ORDER GRANTING PETITION FOR WRIT OF HABEAS CORPUS

COLLINSON, District Judge.

The following facts were developed during an evidentiary hearing, which was held at the United States Courthouse, Springfield, Missouri, on May 3, 1979. On June 11, 1974, petitioner, whose name is now Mrs. Mary Helen Harris, accepted a reserve commission in the United States Army and agreed to participate in the Armed Forces Health Professions Scholarship Program (hereinafter HPSP). This program, which was created by Congress at 10 U.S.C. § 2120 et seq. (1976), provides for scholarship assistance for medical students in exchange for one year of active duty for each year [252]*252that the student receives scholarship assistance. At the time Mrs. Harris was recruited for the HPSP program and accepted her reserve commission, AR635-120 provided, in pertinent part, that:

7-1 ... a. When it has been determined that a female officer is pregnant or has given birth to a living child during the period of her present appointment she will be afforded an opportunity to—
(1) Tender a resignation under the provisions of this chapter; or
b. If pregnancy is the only medical condition which is disqualifying for retention in the service, the resignation will be accepted without processing by a medical board or physical evaluation board .
c. If the officer does not choose to resign, or requests retirement or relief from active duty if eligible, and a waiver of retention on active duty is not granted, she will be discharged from the regular Army or the Army of the United States, or the U.S. Army Reserve, whichever is applicable.

In addition, AR635-120, Sec. 7-6, provided that an officer who resigned or was discharged for the sole reason of pregnancy was to be issued an honorable discharge certificate regardless of marital status, unless other factors warranted another type of discharge.

On January 14, 1975, however, AR635120 was amended as follows:

7-2. Funded commissioning programs, a. Officers who received commissions through funded programs, including AM-EDD programs and ROTC scholarship programs, may not tender a resignation solely for pregnancy or birth to a living child until completion of initial service obligation.

During July, 1977, while serving on active duty at Fort Leonard Wood, Missouri, Mrs. Harris gave birth to a live, healthy child. In June 1978, Mrs. Harris again discovered that she was pregnant and, in February, 1979, gave birth to a second live, healthy child. On January 17, 1979, Mrs. Harris submitted a formal resignation and a letter confirming her second pregnancy to the Department of the Army.

On March 3, 1979, Mrs. Harris’s commanding officer informed her that her resignation had been rejected by the Department of the Army and that she would, therefore, be required to serve the remainder of her military obligation.

On April 10, 1979, Mrs. Harris filed an application for a writ of habeas corpus, requesting her immediate discharge from the United States Army. In her application, Mrs. Harris argues that, since she has given birth to a live child, paragraph 7-l(a) of AR635-120 entitles her to an automatic honorable discharge. On April 10, 1979, this Court directed respondents herein to show cause why the writ requested should not issue. Respondents filed a return to the show cause order, an evidentiary hearing was held, and the parties have now briefed their respective positions.
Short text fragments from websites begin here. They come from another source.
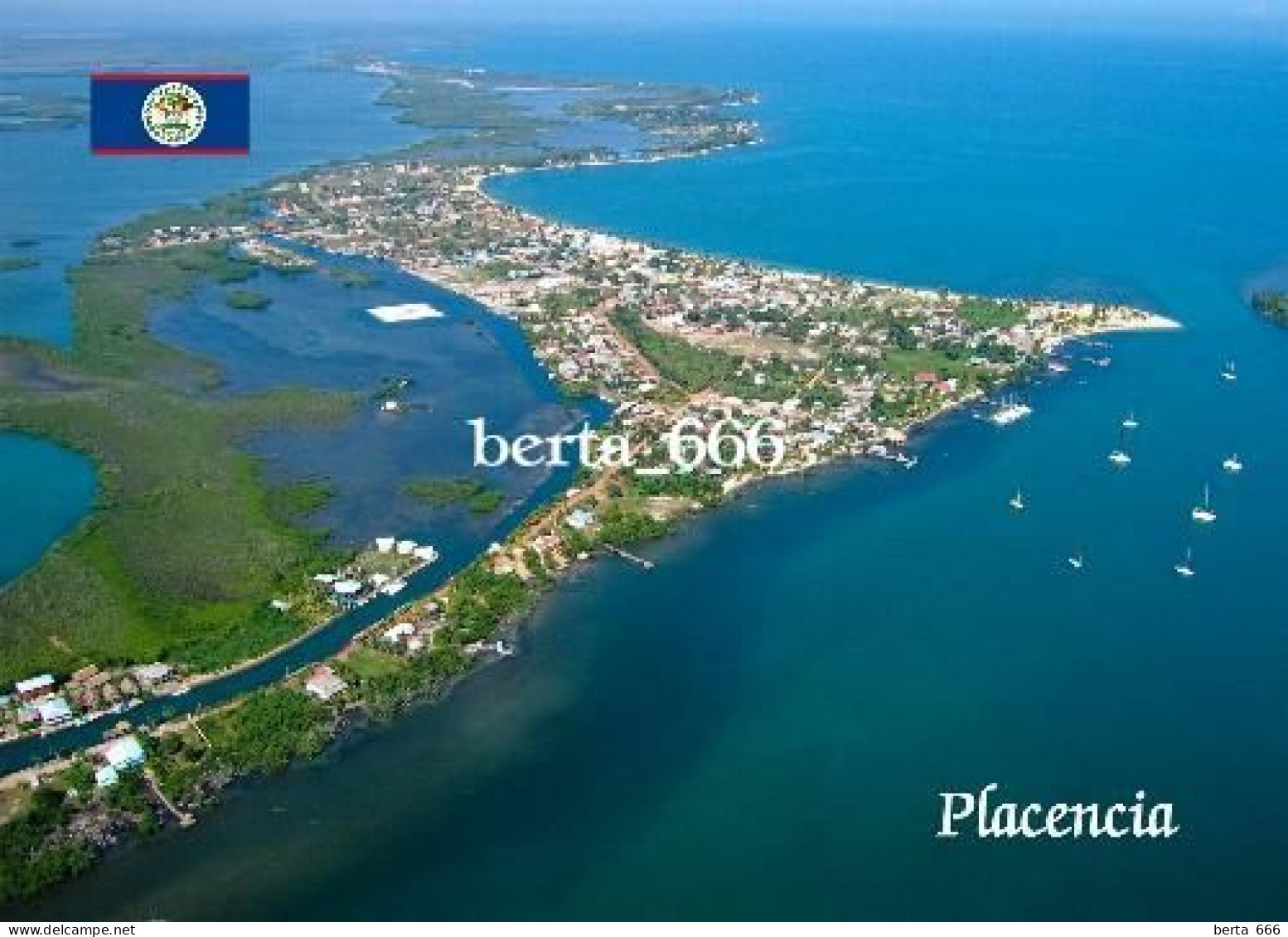 Belize Placencia Aerial View New Postcard - Belize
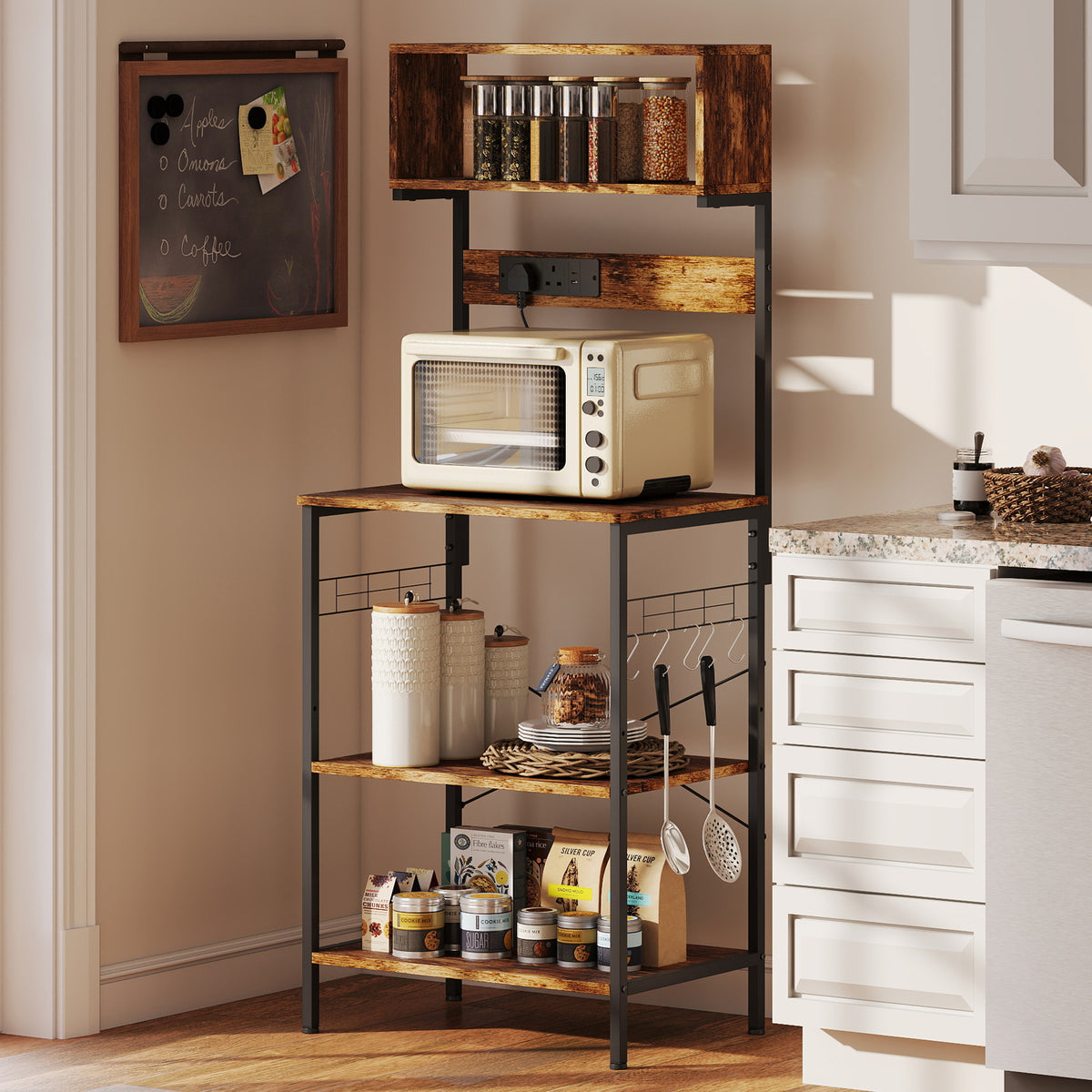 Kitchen Storage Rack, Bakers Rack with Power Outlet, USB Charger, Rustic Brown
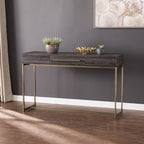 48" Gray and Gold Wood and Metal Frame Console Table With Drawer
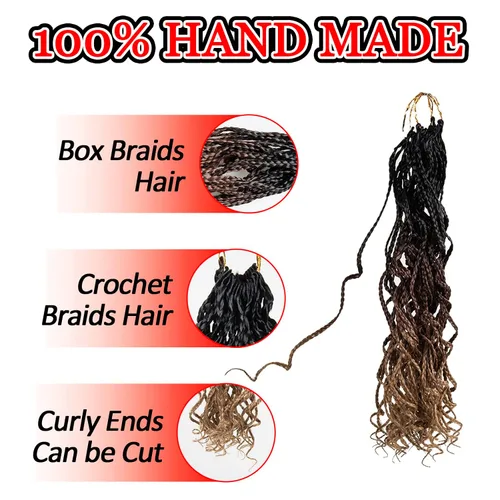 Miniatura 4 de Goddess Box - Trenzas de ganchillo de cabello bohemio con extremos rizados, extensiones de cabello bohemio de 14 pulgadas, extensiones de cabello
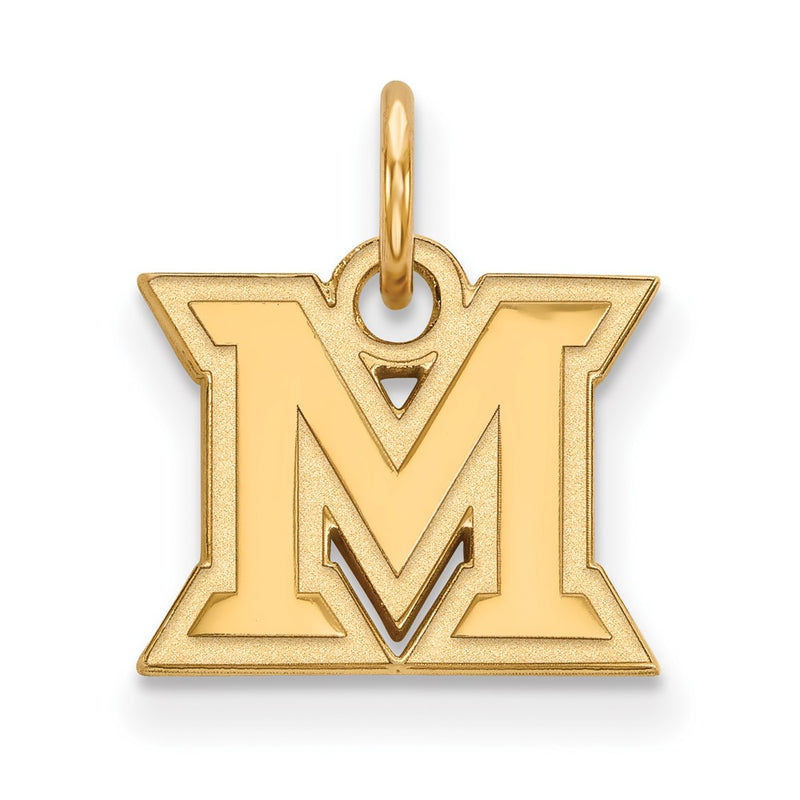 14K Yellow Gold Logoart Miami University Ohio Letter M Extra Small Pendant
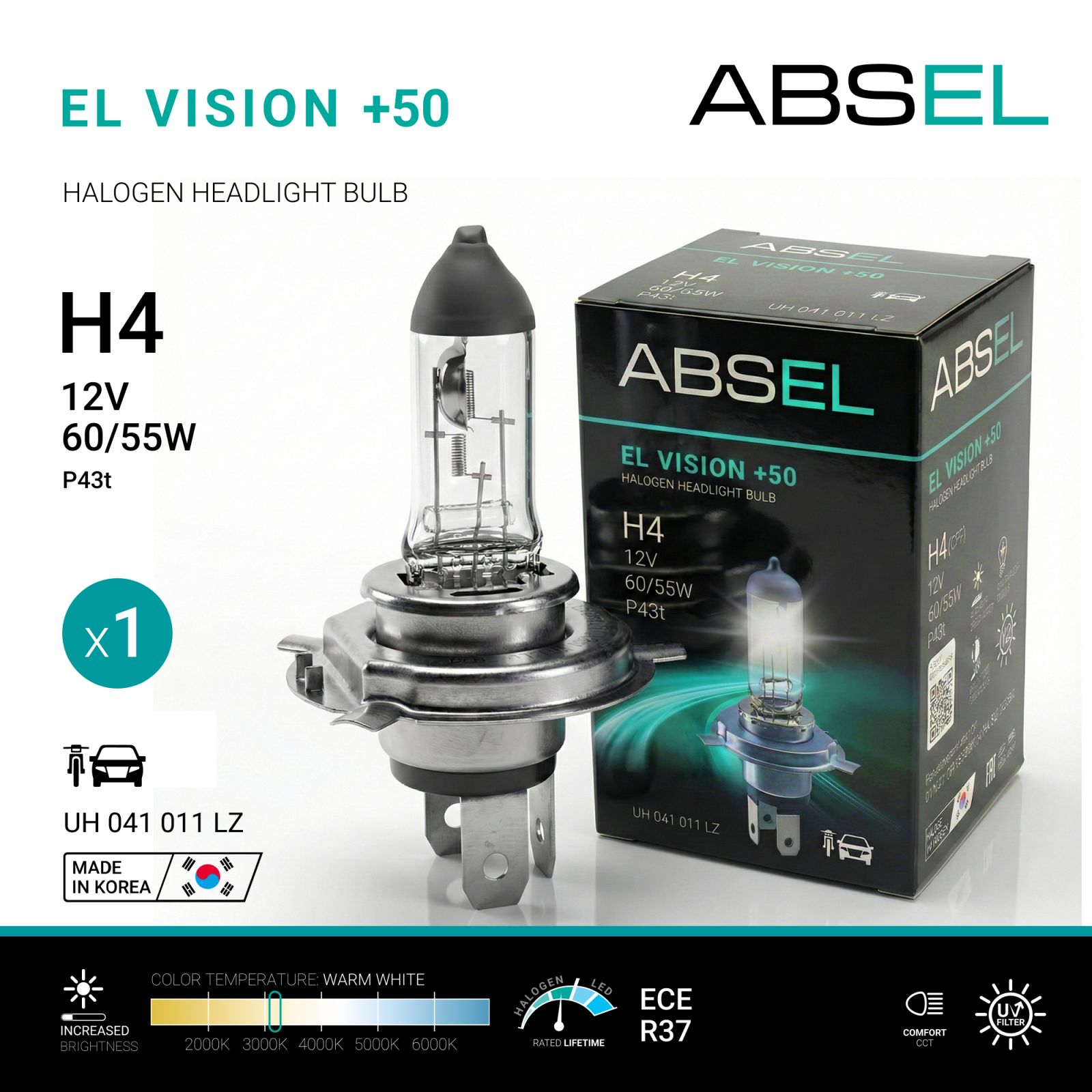 Лампа галогенная H4 P43t 12V 60/55W EL VISION +50 ABSEL UH041011LZ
Mrs. Harris’s petition does not allege any jurisdictional basis for this action, but the remedy requested by her is clearly within the power granted to this Court by 28 U.S.C. § 2241 (1976). Parisi v. Davidson, 405 U.S. 34, 39, 92 S.Ct. 815, 31 L.Ed.2d 17 (1972). In addition, there is no procedural bar to the exercise of this Court’s jurisdiction since Mrs. Harris alleges, and the United States does not contest, that she has exhausted her available administrative remedies.

Respondents advance two separate arguments in opposition to Mrs. Harris’s request to be discharged. First, they argue that the January 1975 amendment to AR635-T20, which clearly eliminates pregnancy or birth of a live child as a basis for resignation by an officer who participated in a funded program (like HPSP) applies to officers who enlisted prior to that amendment. This Court finds that argument without merit. In Jackson v. United States, 573 F.2d 1189 (Ct.Cl.1978) (herein[253]*253after Jackson), the Court held that “the written enlistment documents signed by plaintiff and all statutes and Army Regulations in force constituted his enlistment contract.” 573 F.2d at 1197 (emphasis added). Thus, under the Jackson holding, Mrs. Harris’s enlistment contract consists of her enlistment documents and the statutes and regulations in effect at the time of her enlistment. Jackson, supra at 1197. Since the 1975 amendment to AR635-120 was not in effect at the time of Mrs. Harris’s enlistment, it is not a part of her enlistment contract and, therefore, does not apply to her.

The second argument advanced by respondents is that paragraph 7-l(a) of AR635-120 does not, as Mrs. Harris contends, require the Army to automatically accept her resignation.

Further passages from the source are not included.